• **PROBLEM TO WORK ON**: Could you print the stretch of lines below from the one with "Gucci Bamboo Brown Suede Backpack Gucci" through the one with "Calça Soltinha Com Pregas Roxo Quintess", exactly as they stand and without any pictures?

• **SUPPLIED MATERIAL**:
++++

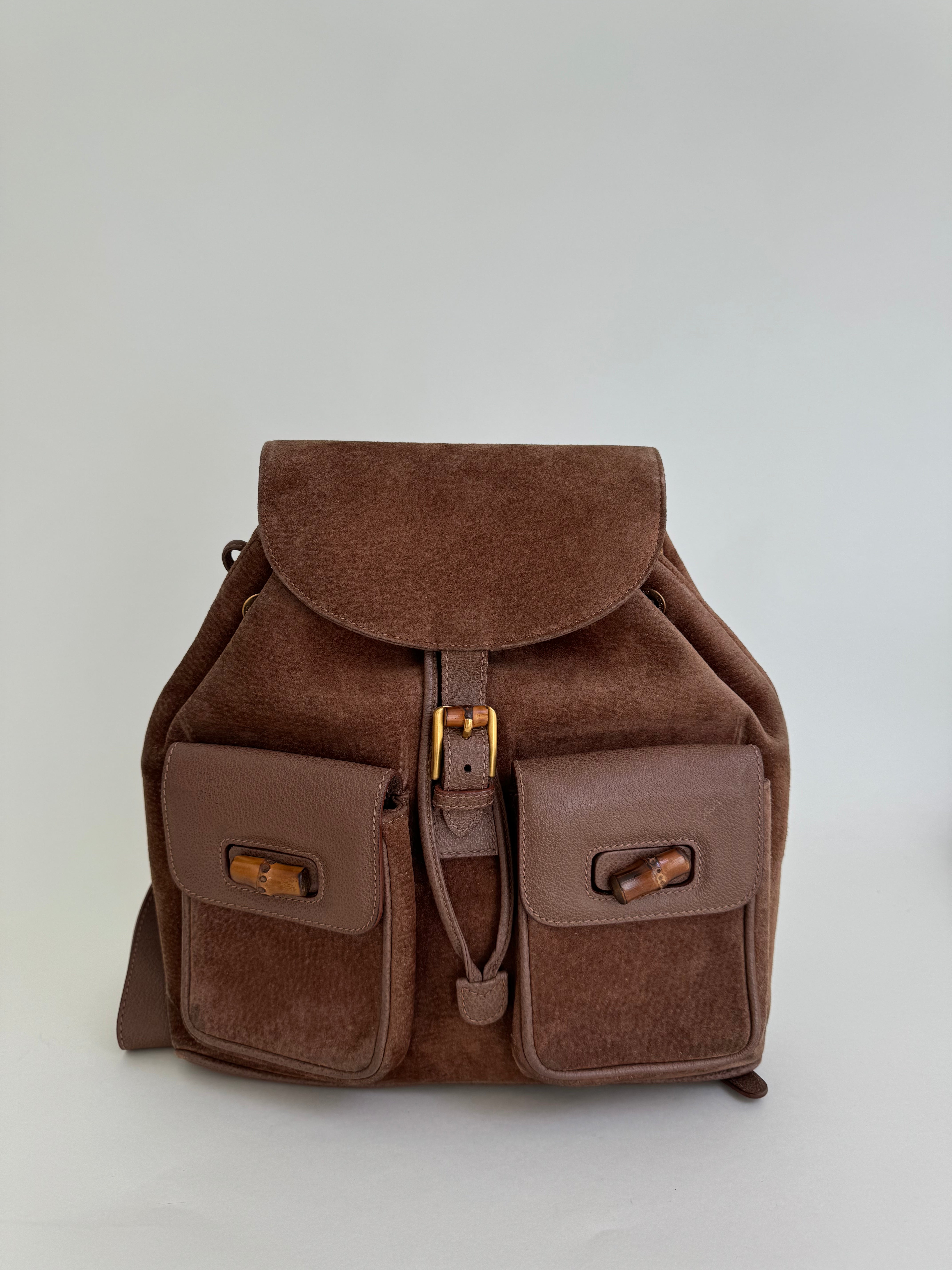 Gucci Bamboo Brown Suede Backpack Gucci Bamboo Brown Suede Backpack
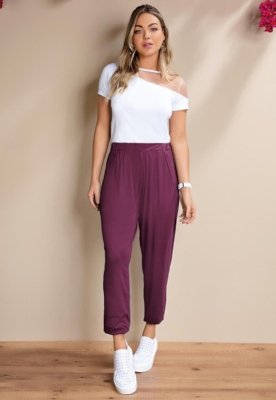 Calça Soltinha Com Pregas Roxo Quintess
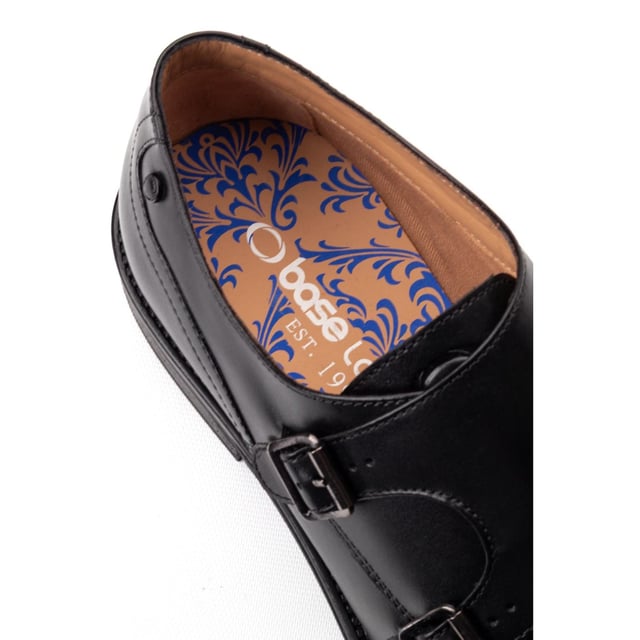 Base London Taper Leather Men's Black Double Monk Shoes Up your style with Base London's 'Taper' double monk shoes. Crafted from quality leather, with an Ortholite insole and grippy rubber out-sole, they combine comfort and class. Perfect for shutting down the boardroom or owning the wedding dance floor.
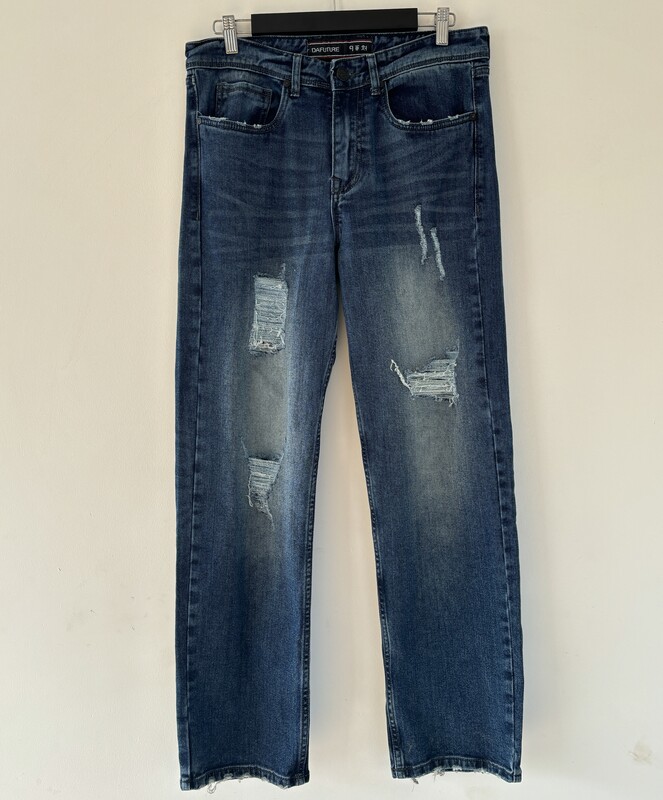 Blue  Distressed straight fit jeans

++++

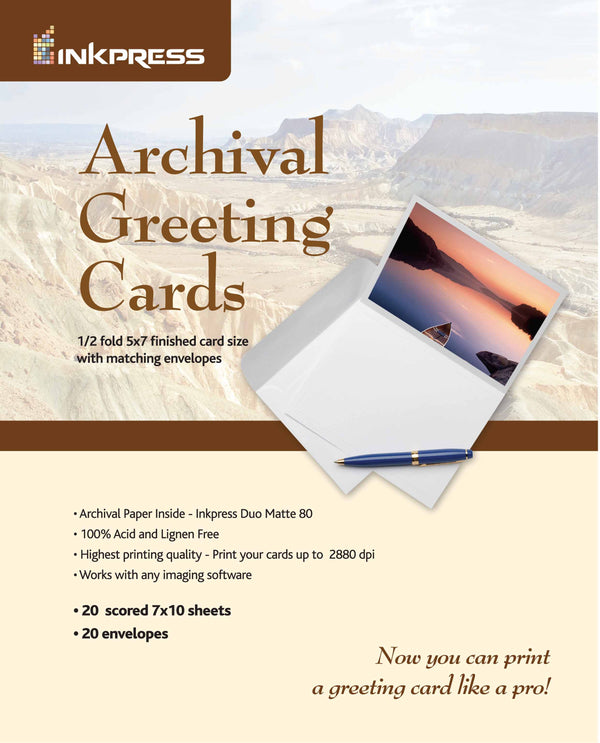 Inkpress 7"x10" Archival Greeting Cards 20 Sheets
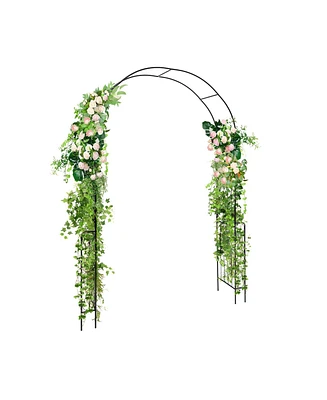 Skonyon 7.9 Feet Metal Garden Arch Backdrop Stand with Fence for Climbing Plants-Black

++++

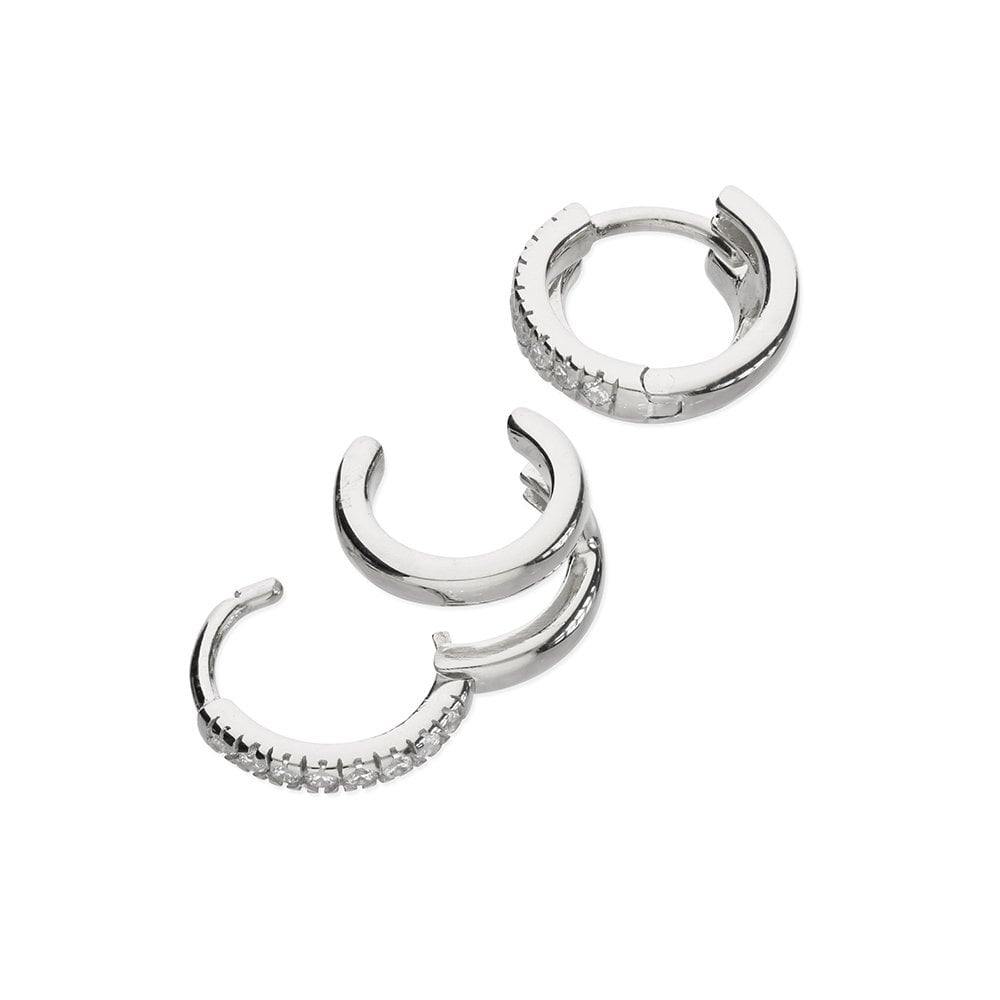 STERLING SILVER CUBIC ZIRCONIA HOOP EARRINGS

++++

• **RESULT OF THIS TASK**:
 Gucci Bamboo Brown Suede Backpack Gucci Bamboo Brown Suede Backpack
 Calça Soltinha Com Pregas Roxo Quintess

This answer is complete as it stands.